(Web page caption snippets)

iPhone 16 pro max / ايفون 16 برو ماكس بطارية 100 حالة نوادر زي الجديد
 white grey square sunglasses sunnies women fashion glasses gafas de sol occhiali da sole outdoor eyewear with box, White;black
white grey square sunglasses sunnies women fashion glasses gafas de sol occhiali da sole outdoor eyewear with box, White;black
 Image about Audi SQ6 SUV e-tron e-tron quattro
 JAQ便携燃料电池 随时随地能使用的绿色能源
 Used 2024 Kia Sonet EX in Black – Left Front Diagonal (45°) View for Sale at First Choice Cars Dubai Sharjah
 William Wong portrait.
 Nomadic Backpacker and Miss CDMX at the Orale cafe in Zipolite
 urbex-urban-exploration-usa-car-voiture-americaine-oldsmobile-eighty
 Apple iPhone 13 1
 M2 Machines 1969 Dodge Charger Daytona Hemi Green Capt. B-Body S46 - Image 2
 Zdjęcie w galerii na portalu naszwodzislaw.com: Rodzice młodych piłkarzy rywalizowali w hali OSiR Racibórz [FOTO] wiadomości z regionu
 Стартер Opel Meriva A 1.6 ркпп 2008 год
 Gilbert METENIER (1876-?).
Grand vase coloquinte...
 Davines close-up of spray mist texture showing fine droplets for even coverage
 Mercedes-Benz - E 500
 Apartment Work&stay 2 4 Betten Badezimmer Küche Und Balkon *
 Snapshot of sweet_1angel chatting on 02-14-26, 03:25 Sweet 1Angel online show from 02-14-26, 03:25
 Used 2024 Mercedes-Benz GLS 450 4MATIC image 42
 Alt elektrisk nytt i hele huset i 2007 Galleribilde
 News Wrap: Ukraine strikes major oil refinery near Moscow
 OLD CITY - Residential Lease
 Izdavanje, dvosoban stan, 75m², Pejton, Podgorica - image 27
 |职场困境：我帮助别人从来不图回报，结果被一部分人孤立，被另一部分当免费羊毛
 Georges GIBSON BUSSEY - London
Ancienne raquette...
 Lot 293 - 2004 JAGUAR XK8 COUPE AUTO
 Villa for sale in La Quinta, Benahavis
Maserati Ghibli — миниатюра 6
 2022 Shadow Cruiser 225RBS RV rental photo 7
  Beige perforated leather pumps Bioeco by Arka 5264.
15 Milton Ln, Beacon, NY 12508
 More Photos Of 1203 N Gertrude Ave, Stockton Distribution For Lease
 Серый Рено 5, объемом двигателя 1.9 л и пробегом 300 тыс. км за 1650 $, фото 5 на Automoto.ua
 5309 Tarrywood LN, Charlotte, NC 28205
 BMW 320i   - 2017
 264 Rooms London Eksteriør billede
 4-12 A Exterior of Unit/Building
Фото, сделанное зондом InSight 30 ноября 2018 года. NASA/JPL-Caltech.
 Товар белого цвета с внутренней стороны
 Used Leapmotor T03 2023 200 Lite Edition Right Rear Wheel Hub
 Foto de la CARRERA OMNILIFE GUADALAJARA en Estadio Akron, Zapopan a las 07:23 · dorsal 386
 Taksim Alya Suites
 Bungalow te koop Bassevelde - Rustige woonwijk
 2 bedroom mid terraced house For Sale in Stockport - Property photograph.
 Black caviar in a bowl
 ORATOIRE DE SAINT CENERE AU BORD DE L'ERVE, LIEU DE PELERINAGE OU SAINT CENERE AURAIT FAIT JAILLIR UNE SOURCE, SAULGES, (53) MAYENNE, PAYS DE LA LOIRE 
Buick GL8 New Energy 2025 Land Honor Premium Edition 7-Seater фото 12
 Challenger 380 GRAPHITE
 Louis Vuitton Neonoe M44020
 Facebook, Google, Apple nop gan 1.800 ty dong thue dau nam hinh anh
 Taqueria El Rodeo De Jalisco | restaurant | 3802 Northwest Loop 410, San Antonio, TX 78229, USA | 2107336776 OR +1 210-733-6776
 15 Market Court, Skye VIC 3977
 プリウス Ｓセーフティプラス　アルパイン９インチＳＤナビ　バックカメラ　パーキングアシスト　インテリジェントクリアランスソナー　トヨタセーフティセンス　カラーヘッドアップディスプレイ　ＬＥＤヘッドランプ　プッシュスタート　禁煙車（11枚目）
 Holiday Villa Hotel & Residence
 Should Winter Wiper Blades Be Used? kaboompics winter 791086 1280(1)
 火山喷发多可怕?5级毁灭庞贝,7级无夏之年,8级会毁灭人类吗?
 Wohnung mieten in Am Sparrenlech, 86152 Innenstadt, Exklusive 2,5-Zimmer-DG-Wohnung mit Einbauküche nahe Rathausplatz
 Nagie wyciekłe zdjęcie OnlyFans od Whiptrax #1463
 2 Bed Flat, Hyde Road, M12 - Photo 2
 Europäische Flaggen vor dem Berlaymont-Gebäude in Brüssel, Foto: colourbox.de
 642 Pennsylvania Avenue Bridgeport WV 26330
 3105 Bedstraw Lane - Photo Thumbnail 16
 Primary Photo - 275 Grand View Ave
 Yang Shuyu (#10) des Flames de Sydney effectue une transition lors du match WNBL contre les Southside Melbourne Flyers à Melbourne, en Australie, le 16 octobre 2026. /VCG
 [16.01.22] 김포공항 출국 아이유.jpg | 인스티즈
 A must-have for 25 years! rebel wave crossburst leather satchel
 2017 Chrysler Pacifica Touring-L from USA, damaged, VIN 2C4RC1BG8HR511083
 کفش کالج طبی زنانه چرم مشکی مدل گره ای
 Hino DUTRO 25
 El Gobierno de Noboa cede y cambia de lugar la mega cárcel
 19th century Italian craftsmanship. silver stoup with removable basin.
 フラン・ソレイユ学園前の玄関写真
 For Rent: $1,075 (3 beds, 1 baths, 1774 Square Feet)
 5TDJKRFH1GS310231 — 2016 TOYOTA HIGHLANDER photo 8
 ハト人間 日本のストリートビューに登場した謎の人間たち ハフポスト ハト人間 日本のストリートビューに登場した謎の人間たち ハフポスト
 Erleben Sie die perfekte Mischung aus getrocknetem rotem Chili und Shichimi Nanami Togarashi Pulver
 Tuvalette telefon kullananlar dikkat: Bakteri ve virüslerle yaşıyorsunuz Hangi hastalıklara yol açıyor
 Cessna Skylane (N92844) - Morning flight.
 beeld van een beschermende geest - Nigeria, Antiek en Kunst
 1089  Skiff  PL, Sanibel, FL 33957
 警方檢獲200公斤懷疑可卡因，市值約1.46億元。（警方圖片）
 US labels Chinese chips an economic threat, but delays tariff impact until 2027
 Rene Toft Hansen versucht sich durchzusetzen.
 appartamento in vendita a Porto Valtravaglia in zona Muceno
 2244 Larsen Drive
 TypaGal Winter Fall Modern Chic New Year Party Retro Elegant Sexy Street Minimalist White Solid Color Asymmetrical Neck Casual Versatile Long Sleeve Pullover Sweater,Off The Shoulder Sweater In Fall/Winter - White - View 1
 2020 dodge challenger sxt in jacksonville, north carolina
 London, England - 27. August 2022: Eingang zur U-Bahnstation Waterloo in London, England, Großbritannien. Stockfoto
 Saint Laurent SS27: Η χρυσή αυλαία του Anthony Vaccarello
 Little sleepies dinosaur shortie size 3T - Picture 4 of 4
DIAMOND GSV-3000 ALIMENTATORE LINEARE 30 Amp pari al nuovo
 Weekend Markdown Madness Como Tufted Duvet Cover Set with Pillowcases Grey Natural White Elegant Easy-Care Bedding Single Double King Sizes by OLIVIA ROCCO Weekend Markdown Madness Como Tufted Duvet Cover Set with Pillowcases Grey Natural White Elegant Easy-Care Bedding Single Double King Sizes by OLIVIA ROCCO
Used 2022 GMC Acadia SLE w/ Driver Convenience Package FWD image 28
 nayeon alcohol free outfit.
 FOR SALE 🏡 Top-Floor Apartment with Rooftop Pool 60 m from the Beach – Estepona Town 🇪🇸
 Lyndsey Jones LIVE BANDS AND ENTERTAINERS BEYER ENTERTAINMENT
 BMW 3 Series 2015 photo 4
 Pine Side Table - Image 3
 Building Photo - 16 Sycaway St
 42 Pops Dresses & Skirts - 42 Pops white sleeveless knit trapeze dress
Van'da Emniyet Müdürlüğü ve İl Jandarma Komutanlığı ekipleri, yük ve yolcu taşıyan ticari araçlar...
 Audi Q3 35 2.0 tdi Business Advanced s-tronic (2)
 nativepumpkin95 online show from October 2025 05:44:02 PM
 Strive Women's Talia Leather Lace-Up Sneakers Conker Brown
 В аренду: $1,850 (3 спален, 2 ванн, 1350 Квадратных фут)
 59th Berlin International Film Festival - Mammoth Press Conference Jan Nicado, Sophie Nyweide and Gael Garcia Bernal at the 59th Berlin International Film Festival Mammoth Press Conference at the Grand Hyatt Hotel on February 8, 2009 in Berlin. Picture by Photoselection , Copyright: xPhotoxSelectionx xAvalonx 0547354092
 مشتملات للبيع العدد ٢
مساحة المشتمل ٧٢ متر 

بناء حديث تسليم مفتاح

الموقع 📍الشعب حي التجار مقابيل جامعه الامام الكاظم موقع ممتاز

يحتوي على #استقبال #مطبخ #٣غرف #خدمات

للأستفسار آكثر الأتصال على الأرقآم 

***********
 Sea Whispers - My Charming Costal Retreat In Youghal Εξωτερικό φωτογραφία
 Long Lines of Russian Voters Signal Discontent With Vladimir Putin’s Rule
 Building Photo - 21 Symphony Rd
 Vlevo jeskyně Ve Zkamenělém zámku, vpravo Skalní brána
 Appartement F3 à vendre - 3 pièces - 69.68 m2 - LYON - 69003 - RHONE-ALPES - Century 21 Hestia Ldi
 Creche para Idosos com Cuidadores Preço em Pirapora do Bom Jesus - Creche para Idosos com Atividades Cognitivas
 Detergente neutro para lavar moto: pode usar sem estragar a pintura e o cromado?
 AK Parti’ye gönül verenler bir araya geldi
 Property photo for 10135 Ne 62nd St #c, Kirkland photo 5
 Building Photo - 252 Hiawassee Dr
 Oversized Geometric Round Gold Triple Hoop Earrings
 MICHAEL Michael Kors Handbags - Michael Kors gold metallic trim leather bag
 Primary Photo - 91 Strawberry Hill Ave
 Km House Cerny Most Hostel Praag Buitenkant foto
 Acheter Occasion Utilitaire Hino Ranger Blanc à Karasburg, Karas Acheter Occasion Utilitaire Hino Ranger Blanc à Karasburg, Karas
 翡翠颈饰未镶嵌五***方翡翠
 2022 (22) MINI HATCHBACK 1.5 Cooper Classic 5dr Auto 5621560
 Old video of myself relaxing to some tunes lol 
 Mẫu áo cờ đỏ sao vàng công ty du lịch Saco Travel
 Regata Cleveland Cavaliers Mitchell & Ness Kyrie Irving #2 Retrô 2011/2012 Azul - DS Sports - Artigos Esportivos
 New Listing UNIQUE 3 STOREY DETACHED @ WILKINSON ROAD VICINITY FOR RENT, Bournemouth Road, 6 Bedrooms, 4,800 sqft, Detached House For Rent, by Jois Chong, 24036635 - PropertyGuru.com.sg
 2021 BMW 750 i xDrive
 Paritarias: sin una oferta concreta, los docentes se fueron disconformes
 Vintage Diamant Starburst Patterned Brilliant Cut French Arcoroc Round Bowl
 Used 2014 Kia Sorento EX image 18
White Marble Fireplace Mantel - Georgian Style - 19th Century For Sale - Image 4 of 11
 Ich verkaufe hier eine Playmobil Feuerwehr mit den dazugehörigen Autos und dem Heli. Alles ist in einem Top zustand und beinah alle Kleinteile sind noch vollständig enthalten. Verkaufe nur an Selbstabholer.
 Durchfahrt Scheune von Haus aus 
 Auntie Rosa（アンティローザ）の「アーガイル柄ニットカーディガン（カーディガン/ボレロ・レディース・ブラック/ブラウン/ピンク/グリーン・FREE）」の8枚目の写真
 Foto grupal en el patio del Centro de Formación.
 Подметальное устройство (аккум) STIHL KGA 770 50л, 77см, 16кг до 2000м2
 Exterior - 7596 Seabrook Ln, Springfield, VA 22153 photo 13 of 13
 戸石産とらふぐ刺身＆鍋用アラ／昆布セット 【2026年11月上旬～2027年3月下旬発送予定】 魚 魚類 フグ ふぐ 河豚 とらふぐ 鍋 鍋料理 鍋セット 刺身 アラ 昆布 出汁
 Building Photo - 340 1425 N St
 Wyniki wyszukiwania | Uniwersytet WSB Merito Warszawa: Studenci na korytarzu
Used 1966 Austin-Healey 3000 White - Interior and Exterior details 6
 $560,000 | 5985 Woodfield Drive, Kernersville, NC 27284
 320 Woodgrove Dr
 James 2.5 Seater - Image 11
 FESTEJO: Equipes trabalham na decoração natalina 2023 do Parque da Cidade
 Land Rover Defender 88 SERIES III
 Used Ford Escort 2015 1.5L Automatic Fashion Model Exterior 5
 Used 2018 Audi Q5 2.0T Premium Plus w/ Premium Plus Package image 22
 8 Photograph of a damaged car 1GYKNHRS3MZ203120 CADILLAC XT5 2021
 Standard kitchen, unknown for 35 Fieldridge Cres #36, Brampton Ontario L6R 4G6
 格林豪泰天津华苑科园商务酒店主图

__Brief__
Lines from the top of the entries through the line with "Apple iPhone 13 1" are to be transcribed exactly, and nothing more.

__Final answer__
iPhone 16 pro max / ايفون 16 برو ماكس بطارية 100 حالة نوادر زي الجديد
 white grey square sunglasses sunnies women fashion glasses gafas de sol occhiali da sole outdoor eyewear with box, White;black
white grey square sunglasses sunnies women fashion glasses gafas de sol occhiali da sole outdoor eyewear with box, White;black
 Image about Audi SQ6 SUV e-tron e-tron quattro
 JAQ便携燃料电池 随时随地能使用的绿色能源
 Used 2024 Kia Sonet EX in Black – Left Front Diagonal (45°) View for Sale at First Choice Cars Dubai Sharjah
 William Wong portrait.
 Nomadic Backpacker and Miss CDMX at the Orale cafe in Zipolite
 urbex-urban-exploration-usa-car-voiture-americaine-oldsmobile-eighty
 Apple iPhone 13 1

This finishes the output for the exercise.